【君の手で触れて】・7






結局、あれきり放課後の部活の時間になるまで、阿部くんと会う事は出来なかった。何か胸に詰まったような、そんな重さを抱えたまま、オレは部活に向かう。そうしてグランドに着いた頃には、胸の中の痼りは、更にその大きさを増したようだった。

「三橋―っ、おせぇぞ!」
「あ、ご、ごめん!!」
捕手用の防具をつけた田島くんが駆け寄ってくる。阿部くんの姿は無い。途端にオレの頭から、すうっと血の気がひいた。朝練の時の会話が蘇る。でも、あの時、阿部くんは確かにオレの球を受けてくれると約束したはずなのに。

―――やっぱり・・・受けて、くれない・・・んだ?

「おい!」
「・・・・・・」
「おいっ!三橋っ、聞いてるか?」
「あ、あ・・・うん、田島くん」
田島くんが心配そうな表情で、オレの顔を覗き込んでくる。自覚は無かったけれど、余程酷い顔をしていたらしい。ミットを嵌めていない方の手が、オレの額に触れた。
「熱はねぇよな・・・。三橋さ、心配しなくてもいーぞ」
「え・・・?」
オレに熱が無い事を確認した田島くんは、手を引っ込めると、ニカッと笑う。それに対して、「心配しなくてもいい」と言われたオレは、訳も判らず田島くんの顔を見つめていた。
「今日は、花井も投球練習するんだよ」
「あ、そう、なんだ・・・」
「だから、花井の球はゲンミツにオレがとる。で、三橋の球はゲンミツに阿部がとるからな!」
「うん・・・」
ありがとう、田島くん。と呟くと、田島くんは、気にすんなよ。と言ってオレの背中を思い切り叩いた。叩かれた所から、じんわりとした熱が伝わってくる。昼休みからずっと冷たかった指の先に、トクンと血の通う音が聞こえた気がした。




「阿部、くん」
田島くんに背中を押されるように走り出すと、阿部くんが向こうから走って来るのが見えた。花井くんや栄口くんも一緒だったから、監督と打ち合わせをしていたのかもしれない。

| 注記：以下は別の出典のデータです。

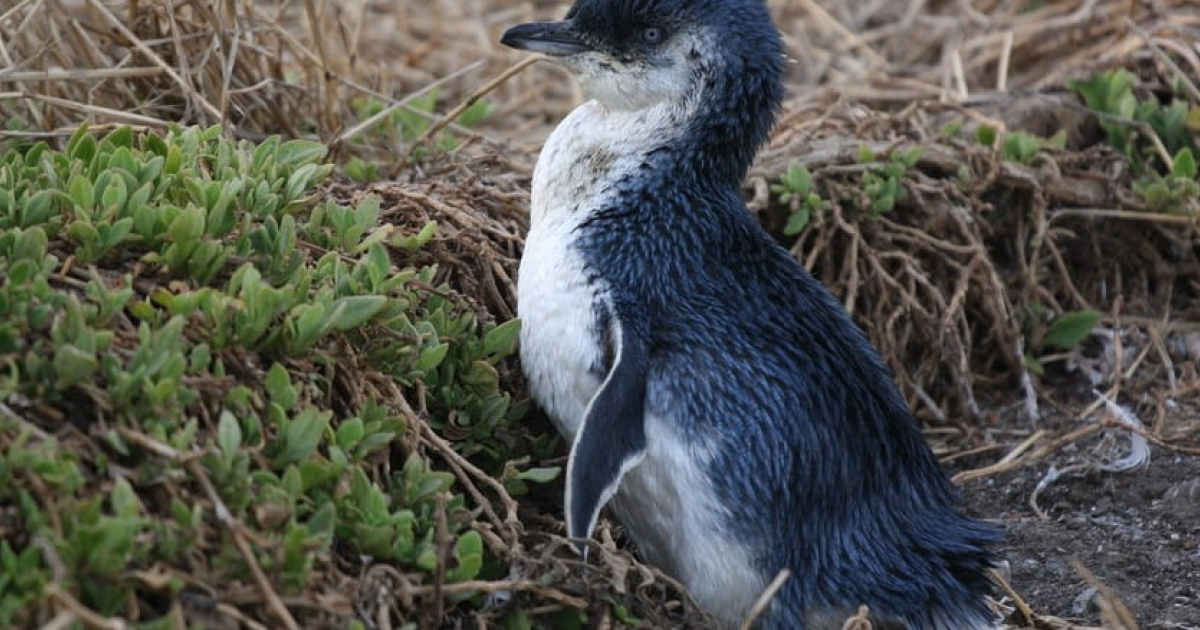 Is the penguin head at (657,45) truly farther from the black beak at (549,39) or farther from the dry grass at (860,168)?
the dry grass at (860,168)

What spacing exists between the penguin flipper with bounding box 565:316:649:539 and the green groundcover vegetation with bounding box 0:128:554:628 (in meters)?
0.17

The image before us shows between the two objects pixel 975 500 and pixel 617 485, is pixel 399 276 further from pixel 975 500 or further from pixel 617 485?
pixel 975 500

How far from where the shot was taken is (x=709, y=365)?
129 inches

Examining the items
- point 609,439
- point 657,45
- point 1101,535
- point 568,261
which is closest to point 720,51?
point 657,45

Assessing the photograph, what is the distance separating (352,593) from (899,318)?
8.12 ft

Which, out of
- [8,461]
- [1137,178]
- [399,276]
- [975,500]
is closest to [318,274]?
[399,276]

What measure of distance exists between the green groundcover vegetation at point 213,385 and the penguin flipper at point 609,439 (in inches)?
6.8

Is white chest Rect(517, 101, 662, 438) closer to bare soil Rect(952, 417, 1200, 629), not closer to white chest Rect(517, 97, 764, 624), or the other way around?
white chest Rect(517, 97, 764, 624)

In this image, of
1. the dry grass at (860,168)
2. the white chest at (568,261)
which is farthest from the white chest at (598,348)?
the dry grass at (860,168)

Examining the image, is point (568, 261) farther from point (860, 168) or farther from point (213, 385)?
point (860, 168)

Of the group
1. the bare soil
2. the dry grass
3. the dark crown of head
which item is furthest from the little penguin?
the bare soil

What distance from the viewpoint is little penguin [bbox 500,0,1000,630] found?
3.21 meters

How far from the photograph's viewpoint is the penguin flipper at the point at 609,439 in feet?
10.0

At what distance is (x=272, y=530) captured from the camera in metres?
2.62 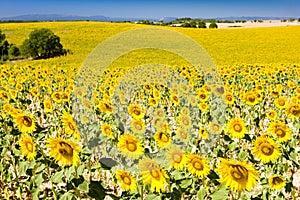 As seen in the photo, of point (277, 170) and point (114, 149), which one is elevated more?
point (114, 149)

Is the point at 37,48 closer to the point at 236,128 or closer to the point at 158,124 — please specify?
the point at 158,124

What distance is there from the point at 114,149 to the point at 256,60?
74.1 feet

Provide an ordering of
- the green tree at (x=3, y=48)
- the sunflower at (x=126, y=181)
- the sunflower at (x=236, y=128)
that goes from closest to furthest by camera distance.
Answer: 1. the sunflower at (x=126, y=181)
2. the sunflower at (x=236, y=128)
3. the green tree at (x=3, y=48)

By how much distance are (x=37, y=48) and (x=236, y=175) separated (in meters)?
32.7

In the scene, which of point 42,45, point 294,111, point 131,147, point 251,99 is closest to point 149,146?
point 131,147

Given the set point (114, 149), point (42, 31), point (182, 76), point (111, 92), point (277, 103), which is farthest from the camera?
point (42, 31)

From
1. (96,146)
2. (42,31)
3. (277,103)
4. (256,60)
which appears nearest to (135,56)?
(256,60)

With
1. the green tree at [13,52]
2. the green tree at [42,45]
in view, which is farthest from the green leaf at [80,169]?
the green tree at [13,52]

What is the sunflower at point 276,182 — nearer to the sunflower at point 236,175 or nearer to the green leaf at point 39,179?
the sunflower at point 236,175

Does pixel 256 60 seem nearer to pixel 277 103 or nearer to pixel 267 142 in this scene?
pixel 277 103

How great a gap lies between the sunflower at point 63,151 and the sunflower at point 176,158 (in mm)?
751

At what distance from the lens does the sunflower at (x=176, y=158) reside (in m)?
2.84

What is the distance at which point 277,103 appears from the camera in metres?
6.02

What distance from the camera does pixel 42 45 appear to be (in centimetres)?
3278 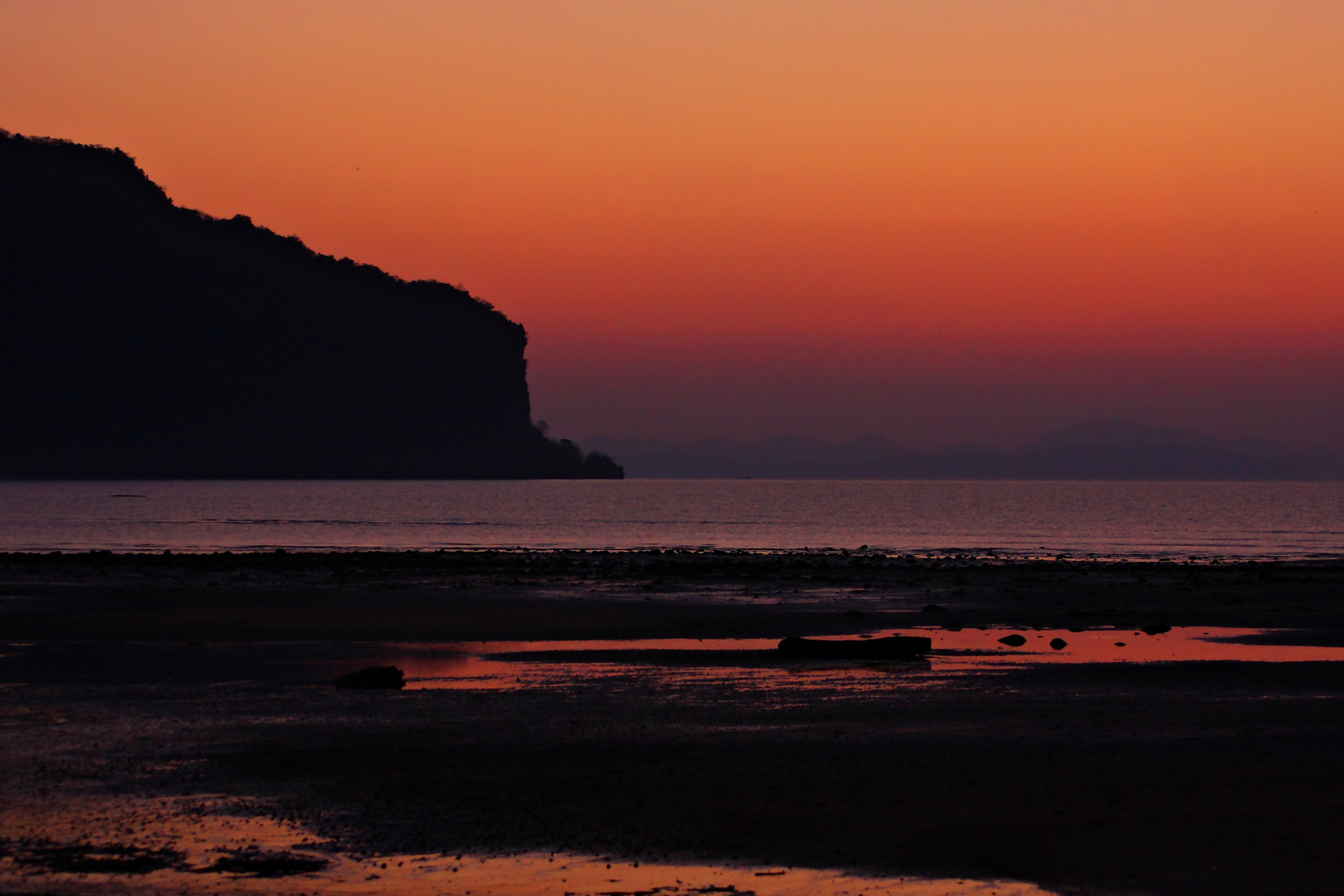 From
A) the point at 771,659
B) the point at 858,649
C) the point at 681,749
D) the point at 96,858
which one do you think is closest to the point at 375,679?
the point at 681,749

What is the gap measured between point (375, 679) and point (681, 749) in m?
5.72

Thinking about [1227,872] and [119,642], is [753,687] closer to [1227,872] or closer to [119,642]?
[1227,872]

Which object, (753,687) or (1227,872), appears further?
(753,687)

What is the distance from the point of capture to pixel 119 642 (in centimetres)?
2258

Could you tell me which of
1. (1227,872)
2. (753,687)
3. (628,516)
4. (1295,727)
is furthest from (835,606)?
(628,516)

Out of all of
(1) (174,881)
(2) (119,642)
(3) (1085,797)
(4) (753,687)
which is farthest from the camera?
(2) (119,642)

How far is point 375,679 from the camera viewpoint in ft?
56.5

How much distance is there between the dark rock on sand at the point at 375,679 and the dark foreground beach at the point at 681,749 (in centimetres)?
31

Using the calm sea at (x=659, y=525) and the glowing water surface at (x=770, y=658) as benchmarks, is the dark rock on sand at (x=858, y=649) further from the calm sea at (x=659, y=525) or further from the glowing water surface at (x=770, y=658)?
the calm sea at (x=659, y=525)

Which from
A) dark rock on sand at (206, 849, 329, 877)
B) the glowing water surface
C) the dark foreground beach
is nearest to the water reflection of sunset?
the glowing water surface

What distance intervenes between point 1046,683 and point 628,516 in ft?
325

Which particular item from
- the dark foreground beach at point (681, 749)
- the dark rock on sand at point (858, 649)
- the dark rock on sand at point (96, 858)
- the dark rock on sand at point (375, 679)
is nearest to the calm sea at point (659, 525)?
the dark foreground beach at point (681, 749)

「遅かったな。時間あんまりねぇんだから、早く準備しろよ」
「う、うん」
「メニューは朝練の時に打ち合わせしたのをやるからな」
「解った、よ」
阿部くんの顔を見た途端、さっきまでの不安感が嘘みたいに消えてゆく。嬉しくて、本当に嬉しくて、思わず口の端が弛むと、阿部くんは奇妙な表情でオレの事を見ていた。
「おい・・・、お前なんか変なモノでも喰ったか?」
「え、変なモノ食べて、無い、よ」
「そっか・・・。そんなに五月蠅く言うつもりはねぇけど、喰いモンには気をつけろよ」
「あ、うん」
オレは、首を勢い良く振った。大丈夫。変なモノなんか食べない、よ。水分もちゃんと摂るし、甘いモノや冷たいモノも・・・ちょっとは我慢出来ると思う。一生懸命言いつのるオレに、阿部くんは少し笑った。呆れたような、でも、気のせいかも知れないけれど、少し寂しそうな、そんな笑顔だった。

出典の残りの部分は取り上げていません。